The objections to the Bishop's reasoning are few and simple, not turning on any slight, and perhaps imaginary, weight of probability. They seem to us plain and conclusive, and directly fatal to every idea the author advances. In the first place, we have never known the mind, soul or intellect, by which ever name the power of consciousness be called, except as one, and not the greatest one, of the phenomena of our existence. And, therefore, when we know that death certainly terminates this existence, reason, with an iron law, proclaims that all perishes at once, and that death is, as it appears, a perfect privation of life to mind and body. When we look on the body of a slain beast or reptile, the mind, which has no option but to reason from analogy, cannot view it except carelessly as a thing that has perished. Like a Venice glass broken, it cannot be mended. This single fact, then, viz: that except as with the body we know nothing of the mind-is, in itself, when left to bare reason, a mountain of an argument on the side of mortality, compared to which the Bishop's subtle and air-drawn theories are but the down of a thistle.
If it were necessary to say more, which is not the case, we might add that, on a nearer view, the whole fabric of his reasoning becomes not only flimsy but shadowy in the extreme.

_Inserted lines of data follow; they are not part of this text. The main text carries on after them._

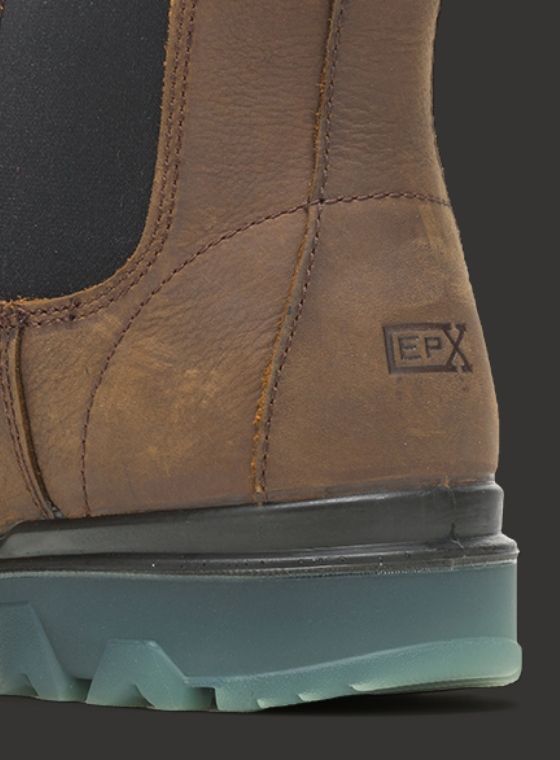 Men's I-90 EPX® Romeo Boot Soft Toe – French's Boots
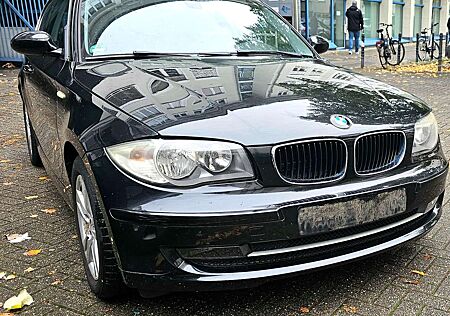 BMW 116i 116 Klimaanlage, Scheckheft, Tempo, TÜV 03.26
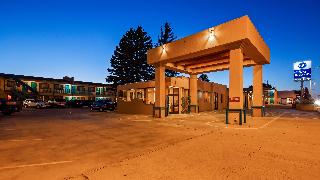 Best Western Kokopelli Lodge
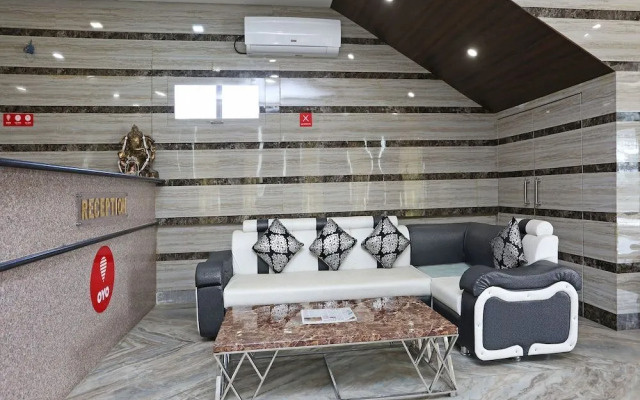 Prakash Farm BY OYO Rooms
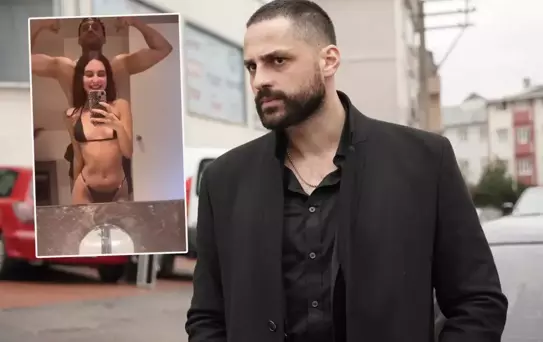 Ekin Mert Daymaz'dan banyodaki dans videosuna sert tepki: Kirli zihniyetlerinizi sorgulayın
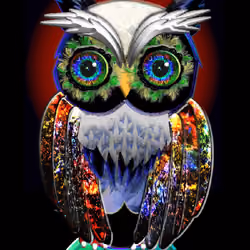 Wisdom Set XVI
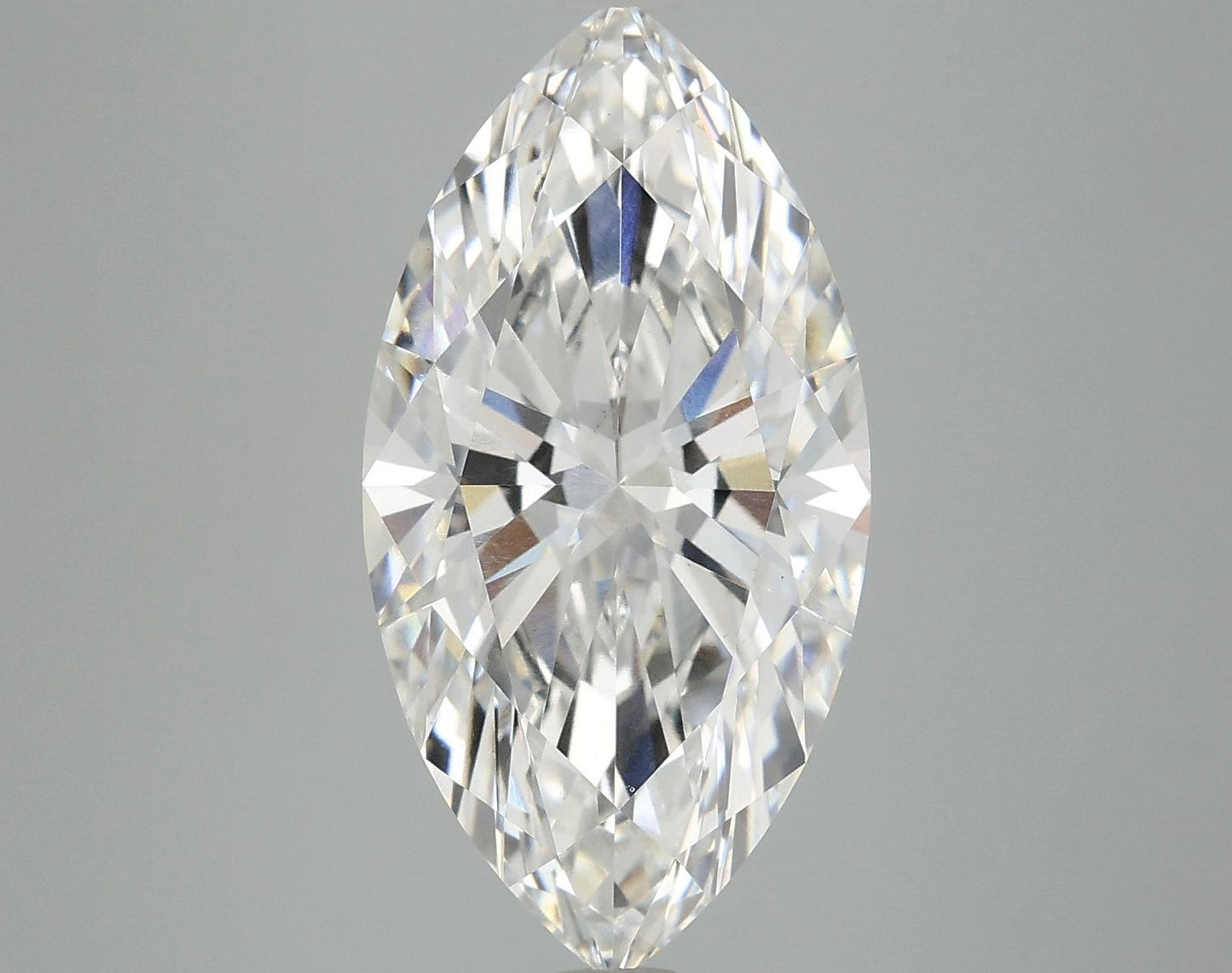 Marquise 5.09ct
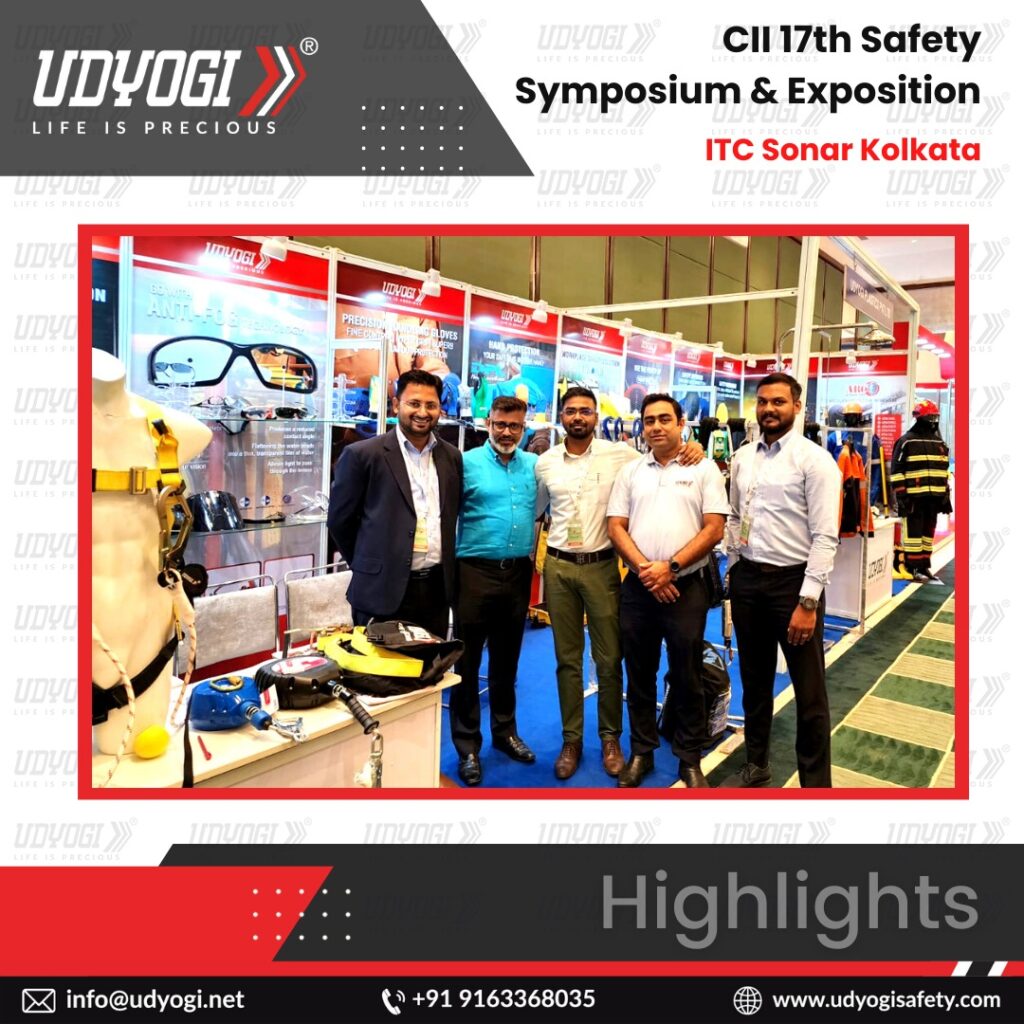 Udyogi Safety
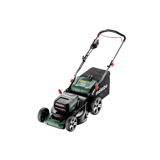 Metabo accu grasmaaier RM 36-18 LTX BL 46 EX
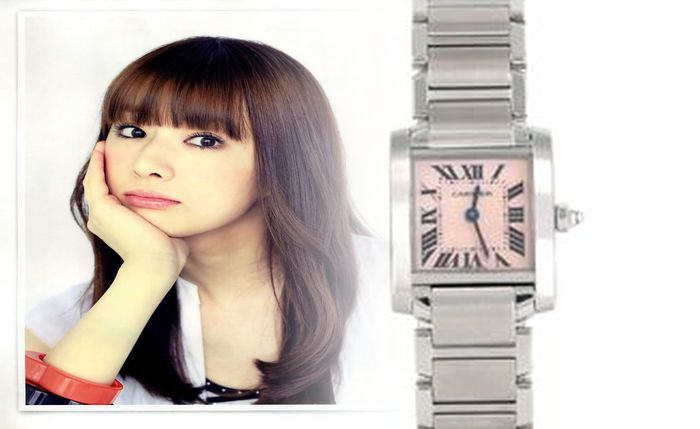 カルティエ 時計 レディース 買う なら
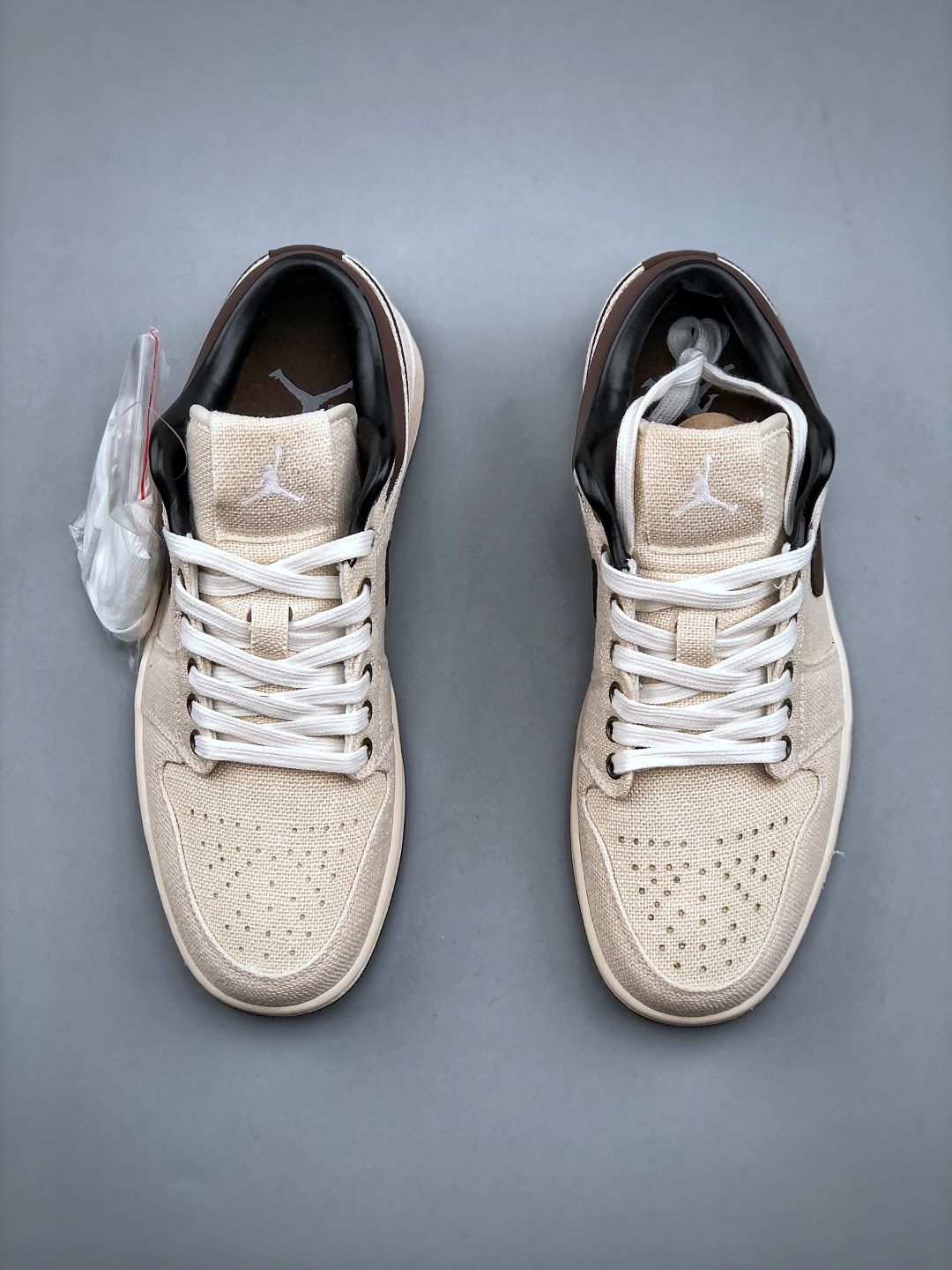 Air Jordan 1 Low 'Panda' - Stylish and Comfortable Casual Sneakers 6 cmp i1745874387215 4489 0 4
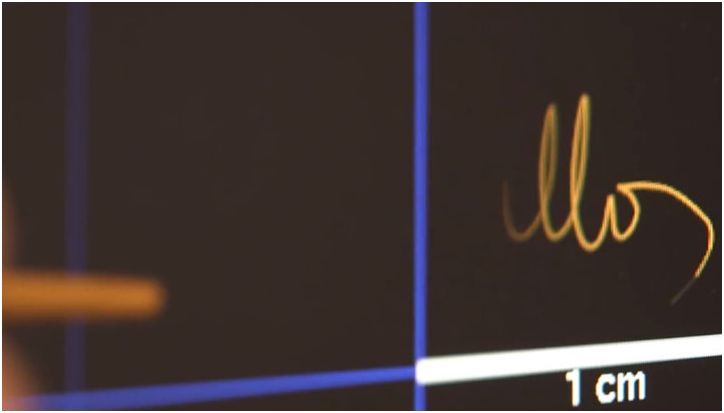 Следите за руками. Обзор обзоров инновационного контроллера Leap Motion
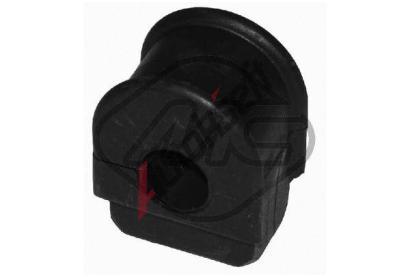 Metalcaucho Drk pnho stabiliztoru MTC 04573, 04573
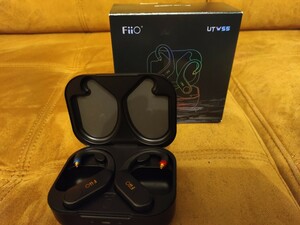 Fiio UTWS5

As for the mind, it is known to be seated in the brain-a fact that is proven in many ways. Among others, that an injury to the brain deprives us of reason, exactly as an injury to the heart deranges the circulation of the blood, or an injury to the eye or ear deprives us of sight or hearing. When the brain is heated by fever, the mind wanders from its throne. The combatant who is struck on the head is stunned for the time, though the wound prove trifling. So well, indeed, is this now understood, that, in ordinary conversation, the terms brain and mind are used without distinc
tion. It is, therefore, absolutely nothing to say that the mind remains after any organ of sense has lost its action.
For, that it does so, no
more proves a separate existence of the mind, than the fact of the other senses remaining, should prove a separate existence of those senses. When a limb is taken off in battle, or otherwise, that limb is lost, but the owner retains the use of the remainder of his body. Why, then, should Mr. Butler have singled out the mind as being unhurt by such a loss, when the senses of sight, of hearing, of taste, and of touch, all remain in their pristine vigour? Every organ has been made, by the Great Machinist, of such exquisite construction, that any, the slightest, derangement of its parts will generally deprive it of its action, i. e. will deprive the owner of one of his senses. Now, if a proposition be true, the converse of that proposition is also true. Therefore, it is true that so long as the healthy and natural action of any organ continues, the sense of that organ remains to the owner of it. From which it follows that a man's retaining his mind after the loss of his hand, no more proves a separate existence of the mind from the body, than the fact of a man retaining the use of his hand after the loss of sight, proves a separate existence of the hand from the body. In short, if the successful amputation of a limb proves the immortality of the soul, so also is the same proven by paring the nails, and by the barber's operations on the hair and beard--a view of the subject which begins to border on the ridiculous, which is also the unseemly. We will only express our regret that the Bishop did not treat of this question, arising upon his theory, to wit: when one, from water on the brain, or a blow received on the skull, becomes an idiot for life, then is the soul still in the idiot's body or not?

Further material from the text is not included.